Por detrás, volvía a saltar un Movistar, esta vez Carapaz, acompañado de Óscar Sevilla (otro Medellín) en el que parecía un jaque en toda regla al Deceunick Quick Step. Evenepoel se puso nervioso por momentos, saliendo a rueda de un ataque sin importancia y que volvería arrancar para lanzar el ataque de Alaphilippe. Atacó el francés con los hermanos Quintana a rueda (Dayer en el Neri Sottoli), que hicieron de secante y consiguieron tomar un parón que a la postre sería definitivo.
Por delante, Anacona dejaba al mexicano Santos y se quedaba en cabeza con los dos Medellín (Montoya que estaba en la escapada y Paredes que se unió al ataque de Anacona), seguía sin recibir ningún relevo, así que empezó a meter cuneta a sus compañeros de cabeza, viendo como la táctica podría funcionar.

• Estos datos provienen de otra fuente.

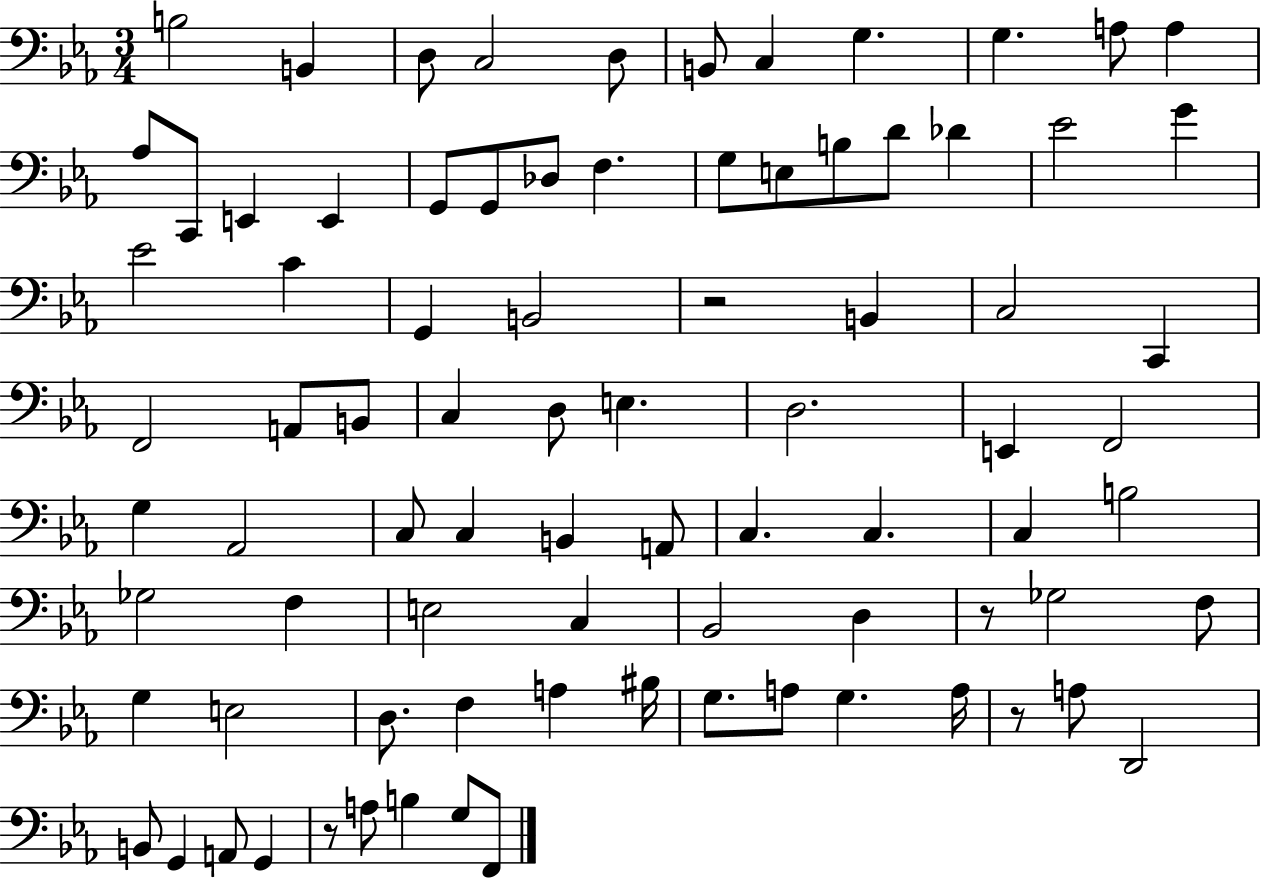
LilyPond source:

{
  \clef bass
  \numericTimeSignature
  \time 3/4
  \key ees \major
  \repeat volta 2 { b2 b,4 | d8 c2 d8 | b,8 c4 g4. | g4. a8 a4 | \break aes8 c,8 e,4 e,4 | g,8 g,8 des8 f4. | g8 e8 b8 d'8 des'4 | ees'2 g'4 | \break ees'2 c'4 | g,4 b,2 | r2 b,4 | c2 c,4 | \break f,2 a,8 b,8 | c4 d8 e4. | d2. | e,4 f,2 | \break g4 aes,2 | c8 c4 b,4 a,8 | c4. c4. | c4 b2 | \break ges2 f4 | e2 c4 | bes,2 d4 | r8 ges2 f8 | \break g4 e2 | d8. f4 a4 bis16 | g8. a8 g4. a16 | r8 a8 d,2 | \break b,8 g,4 a,8 g,4 | r8 a8 b4 g8 f,8 | } \bar "|."
} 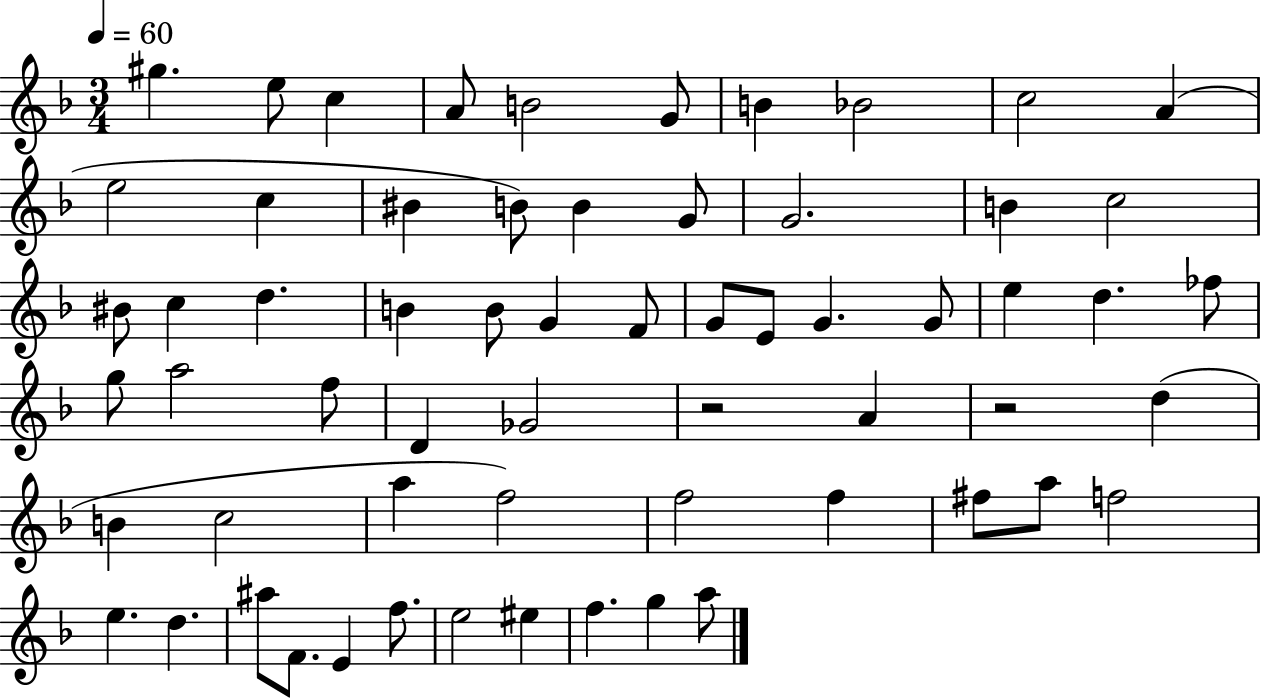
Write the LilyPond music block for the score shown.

{
  \clef treble
  \numericTimeSignature
  \time 3/4
  \key f \major
  \tempo 4 = 60
  gis''4. e''8 c''4 | a'8 b'2 g'8 | b'4 bes'2 | c''2 a'4( | \break e''2 c''4 | bis'4 b'8) b'4 g'8 | g'2. | b'4 c''2 | \break bis'8 c''4 d''4. | b'4 b'8 g'4 f'8 | g'8 e'8 g'4. g'8 | e''4 d''4. fes''8 | \break g''8 a''2 f''8 | d'4 ges'2 | r2 a'4 | r2 d''4( | \break b'4 c''2 | a''4 f''2) | f''2 f''4 | fis''8 a''8 f''2 | \break e''4. d''4. | ais''8 f'8. e'4 f''8. | e''2 eis''4 | f''4. g''4 a''8 | \break \bar "|."
} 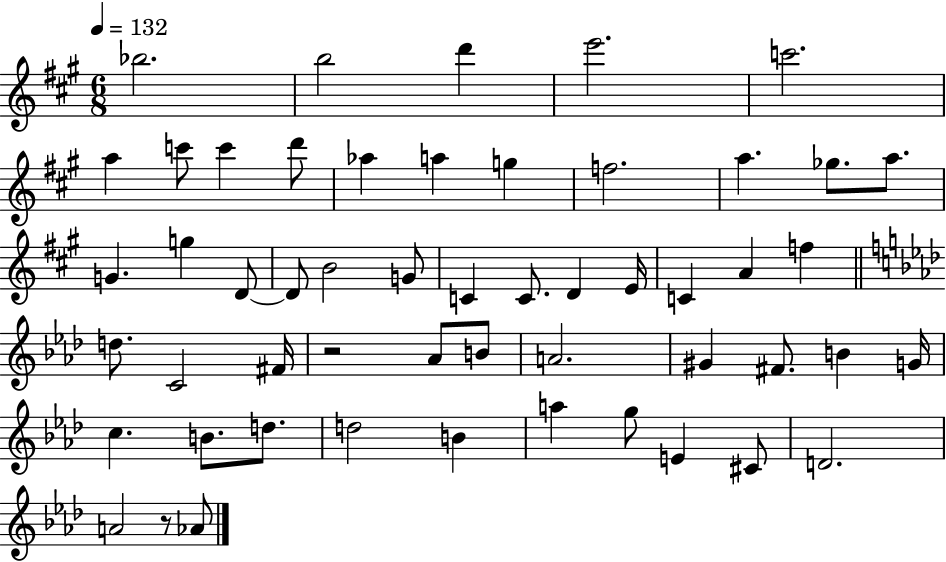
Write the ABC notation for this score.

X:1
T:Untitled
M:6/8
L:1/4
K:A
_b2 b2 d' e'2 c'2 a c'/2 c' d'/2 _a a g f2 a _g/2 a/2 G g D/2 D/2 B2 G/2 C C/2 D E/4 C A f d/2 C2 ^F/4 z2 _A/2 B/2 A2 ^G ^F/2 B G/4 c B/2 d/2 d2 B a g/2 E ^C/2 D2 A2 z/2 _A/2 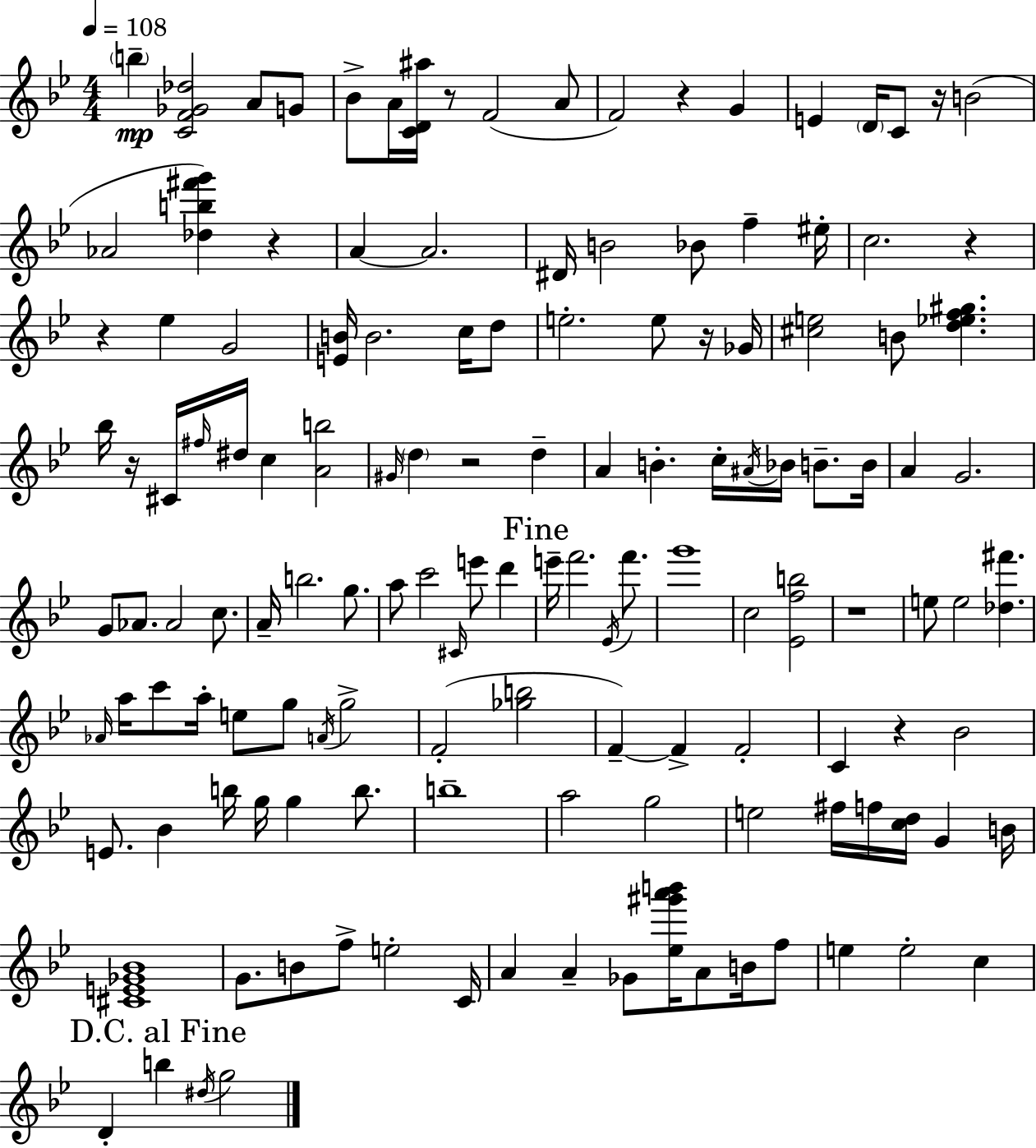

Y el pelotón hizo ¡chof!, ataques y más ataques de corredores al ver el parón que había (y que Deceunick no tomaba la cabeza). Tras varios conatos de ataques en los que Evenepoel y Alaphilippe querían irse solos, Quintana y el resto tuvieron que neutralizar rápidamente, para acabar con el intento y cubrir bien a tu compañeros escapados (recordemos que Carapaz estaba aún en el intermedio). Poco después, Evenepoel se pondría a tirar ahora sí para reducir las distancias.
Pero ya quedaba poco de meta, y Anacona seguía en cabeza tras pasar la pancarta del último kilómetro y que parecía que Paredes (a rueda 15 kilómetros) estaba esperando a darle el último relevo. Increíble la raza del colombiano que arrancó primero el esprínt y no pudieron ni enseñarle rueda y ganaría la etapa y liderato en una demostración de que ser agresivo e imprevisible a veces funciona.
Carapaz y Sevilla, llegarían a 32 segundos del ganador, con el mexicano Santos 6º en la etapa (pudo mantener la distancia al pelotón) y con 55 segundos sobre Dayer Quintana (que entró con el grupo mayoritario. Alaphilippe que renqueó en el último kilómetro se fue abriendo abriendo, dejando pasar a muchos corredores, y que al final llegaría a los 57 segundos tras cortarse el grupo en el que iba.
La general queda con Anacona 1º, con 41 segundos con Alaphilippe y 57 con Sevilla, que se aúpa al 3º escalón del podio.

Aplauso al Movistar
Si en las anteriores etapas aplaudíamos a Alaphilippe, hoy toca aplaudir al conjunto Movistar. Ya desde los abanicos se intuía de que algo se preparaba, pero nunca creíamos que ocurriera así. Lo normal hubiera sido enviar a Carapaz primero, para después secundarle Anacona (que era el mejor ubicado en la general), pero al ocurrir al revés, dio esa sorpresa para que Anacona cogiera aún más tiempo si cabe. Aplaudir a Nairo que como secante estuvo perfecto, siempre pegado a Alaphilippe y que desbarató desde atrás los planes de contraataque del Deceunick, con un Dayer en muy buena forma (ya ganó una etapa en Argentina años atrás).